▶ **Aim of the exercise**
Write out the data exactly as given, dropping every picture.

▶ **Supplied data**
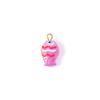 Océano Lindo Vidrio Pintado a Mano Colgante de Pez DIY Hecho a Mano Material para Abalorios Pulsera Collar Joyería Accesorios de Cuentas Sueltas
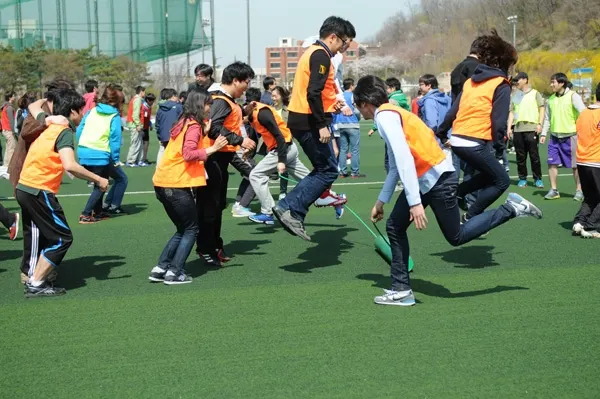제일모직 체육대회 현장 사진 4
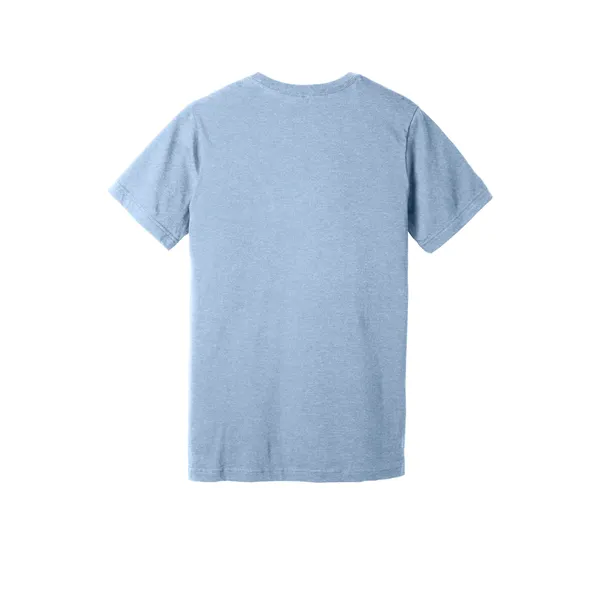 BELLA+CANVAS Unisex Heather CVC Short Sleeve Tee. - BELLA+CANVAS Unisex Heather CVC Short Sleeve Tee. - Image 300 of 414
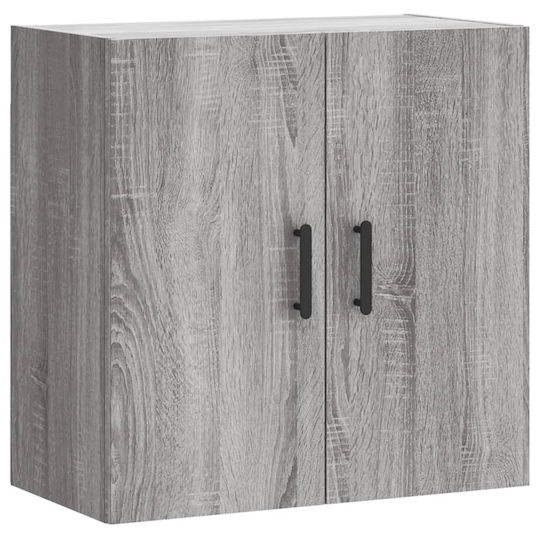 vidaXL Ντουλάπι Μπάνιου 60x31x60cm Γκρι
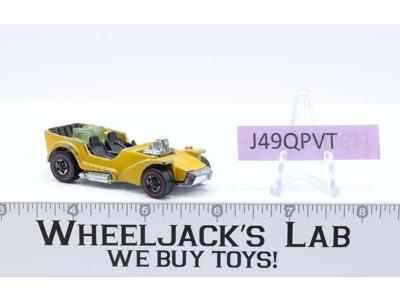 Ice T Yellow Hot Wheels 1969 Redline Mattel Vintage RL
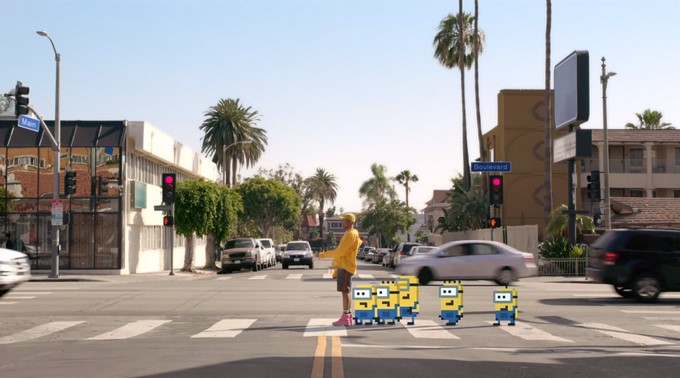 Captura tomada de PharrellWilliamsVEVO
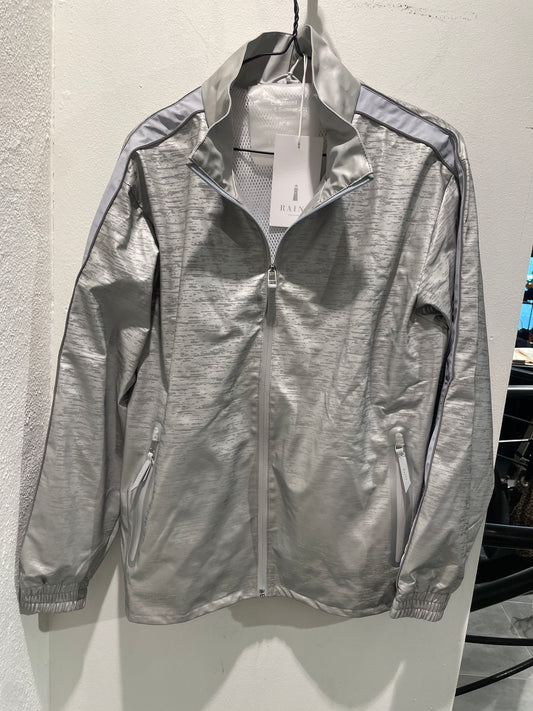 Rains - Raincoat - silver - oversized XS/S - Medinas Wardrobe
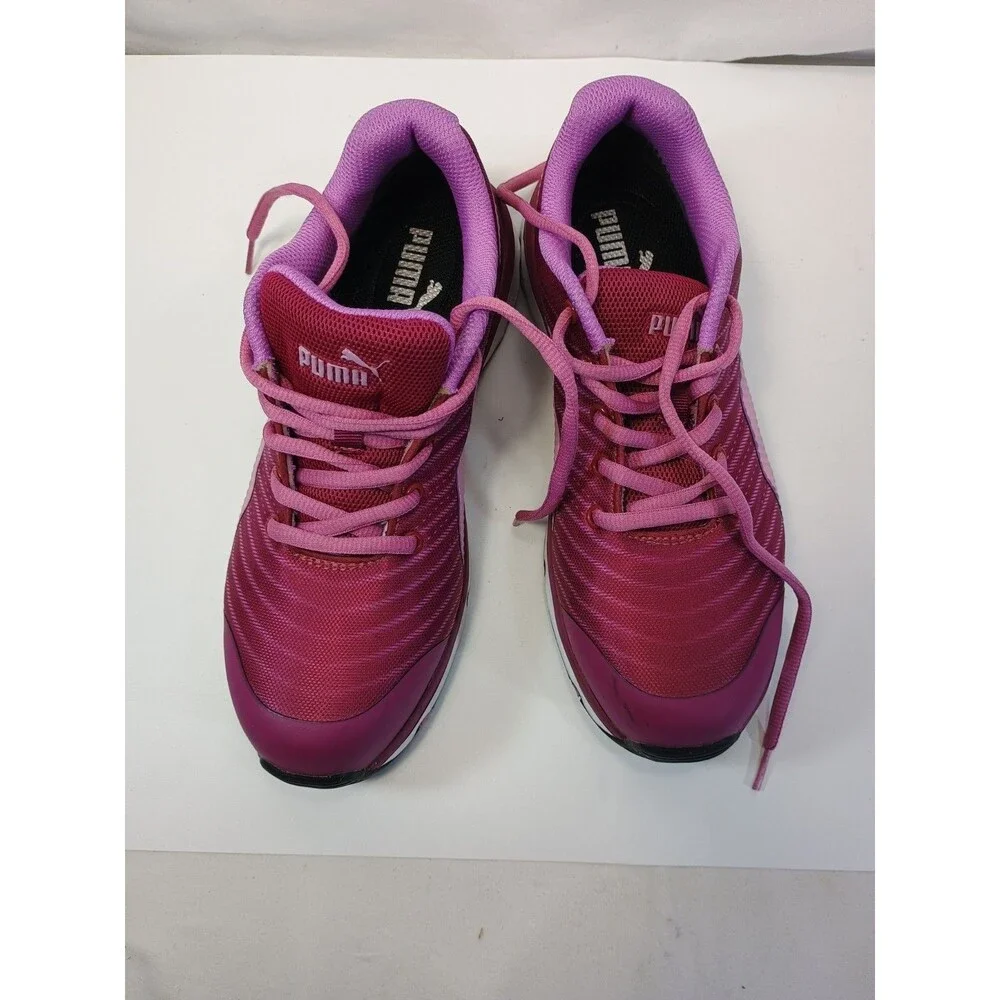 PUMA Safety Spectra 2.0 Low Women Purple Work Safety Shoes Size 8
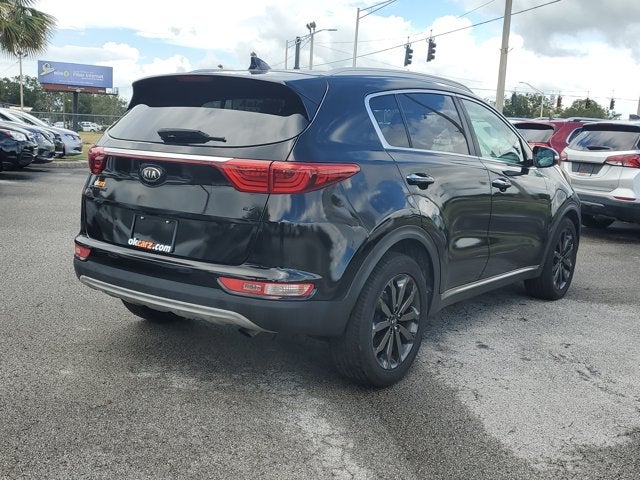 2018 Kia Sportage EX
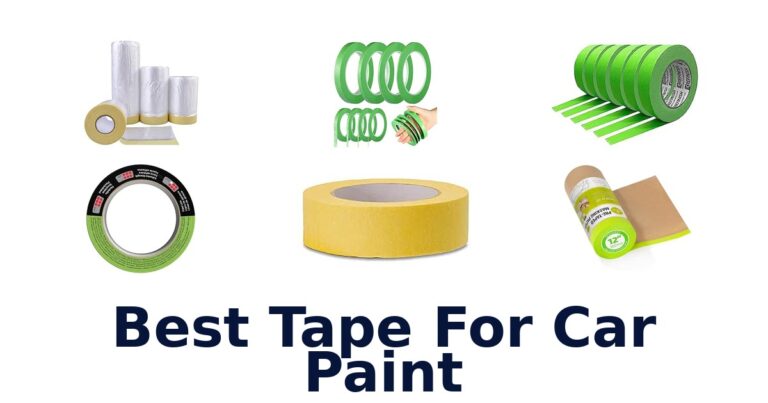 Best Tape For Car Paint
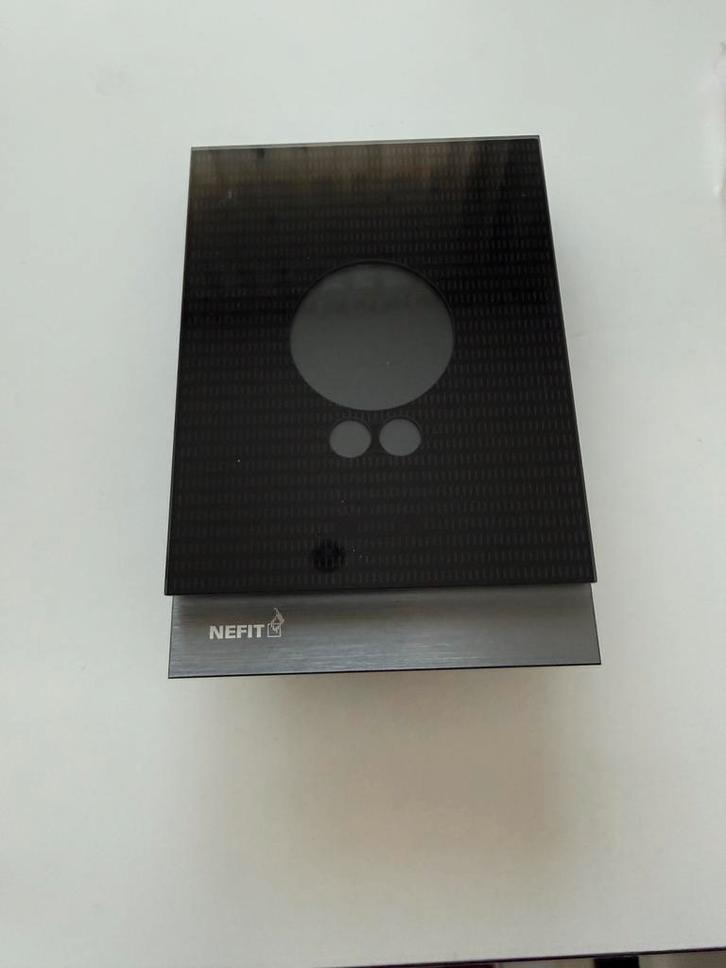 :Nefit ModuLine Thermost.+Bosch EasyControl, Doe-het-zelf en Verbouw, Thermostaten, Gebruikt, Slimme thermostaat, Ophalen
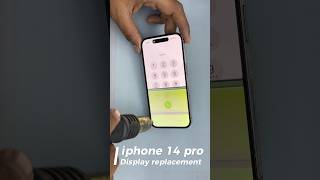 Iphone 14 pro display repair “Pro Techniques for Flawless iPhone 14Pro Screen Replace [upl. by Ennaeirb]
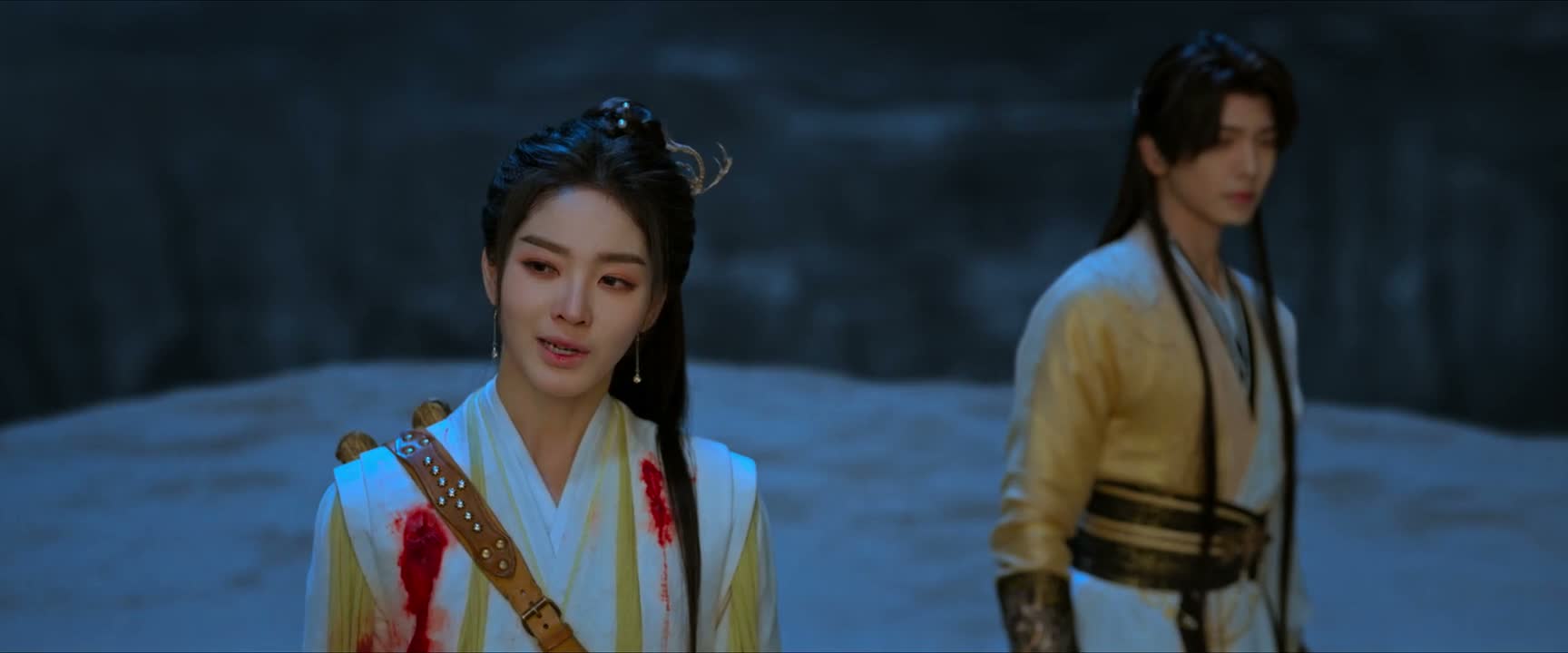 我刚逃出生天的时候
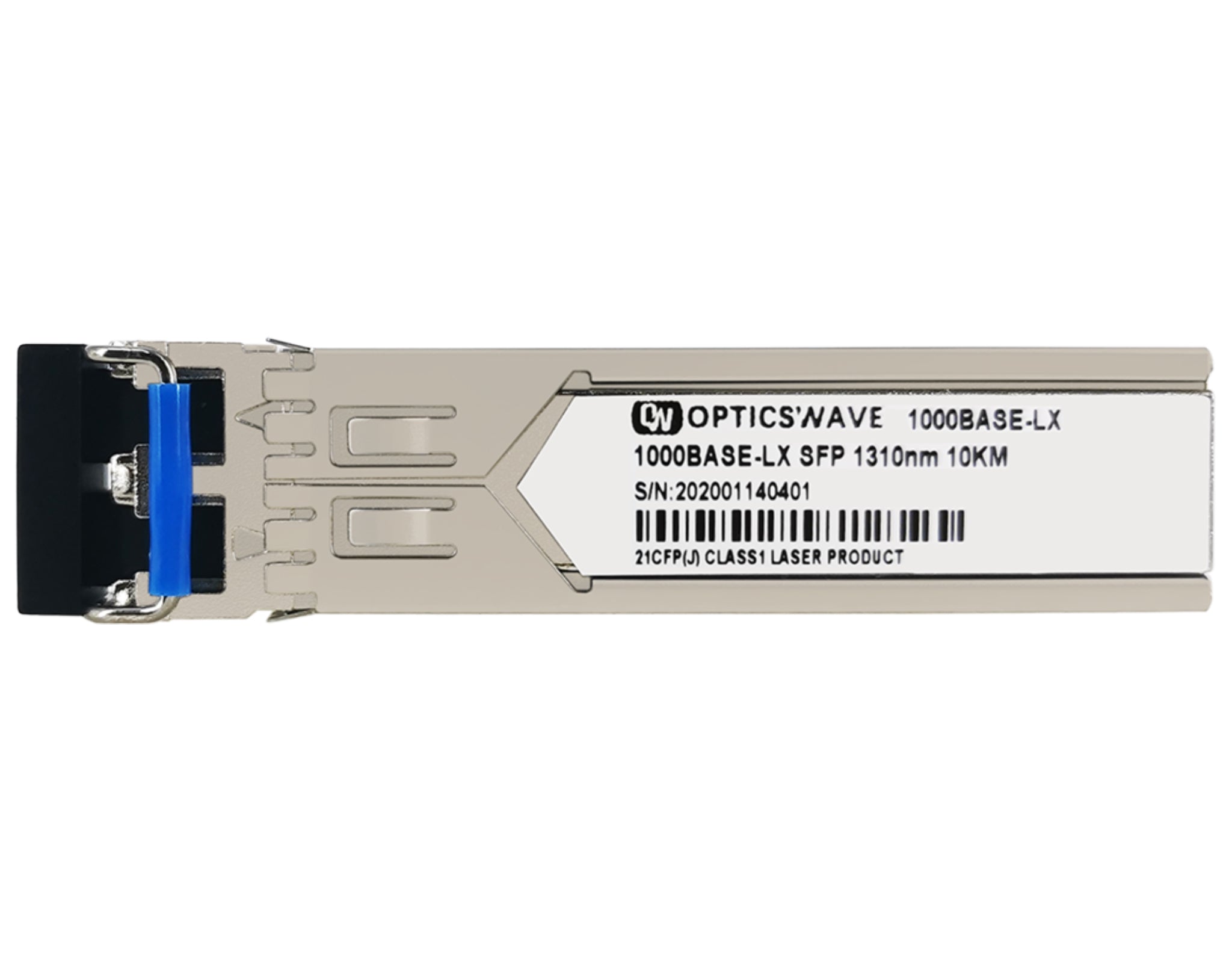 1000BASE-LX/LH SFP 1310nm 10km DOM LC MMF/SMF Transceiver Module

▶ **Answer area**
 Océano Lindo Vidrio Pintado a Mano Colgante de Pez DIY Hecho a Mano Material para Abalorios Pulsera Collar Joyería Accesorios de Cuentas Sueltas
제일모직 체육대회 현장 사진 4
 BELLA+CANVAS Unisex Heather CVC Short Sleeve Tee. - BELLA+CANVAS Unisex Heather CVC Short Sleeve Tee. - Image 300 of 414
 vidaXL Ντουλάπι Μπάνιου 60x31x60cm Γκρι
 Ice T Yellow Hot Wheels 1969 Redline Mattel Vintage RL
 Captura tomada de PharrellWilliamsVEVO
 Rains - Raincoat - silver - oversized XS/S - Medinas Wardrobe
 PUMA Safety Spectra 2.0 Low Women Purple Work Safety Shoes Size 8
 2018 Kia Sportage EX
 Best Tape For Car Paint
 :Nefit ModuLine Thermost.+Bosch EasyControl, Doe-het-zelf en Verbouw, Thermostaten, Gebruikt, Slimme thermostaat, Ophalen
 Iphone 14 pro display repair “Pro Techniques for Flawless iPhone 14Pro Screen Replace [upl. by Ennaeirb]
 我刚逃出生天的时候
 1000BASE-LX/LH SFP 1310nm 10km DOM LC MMF/SMF Transceiver Module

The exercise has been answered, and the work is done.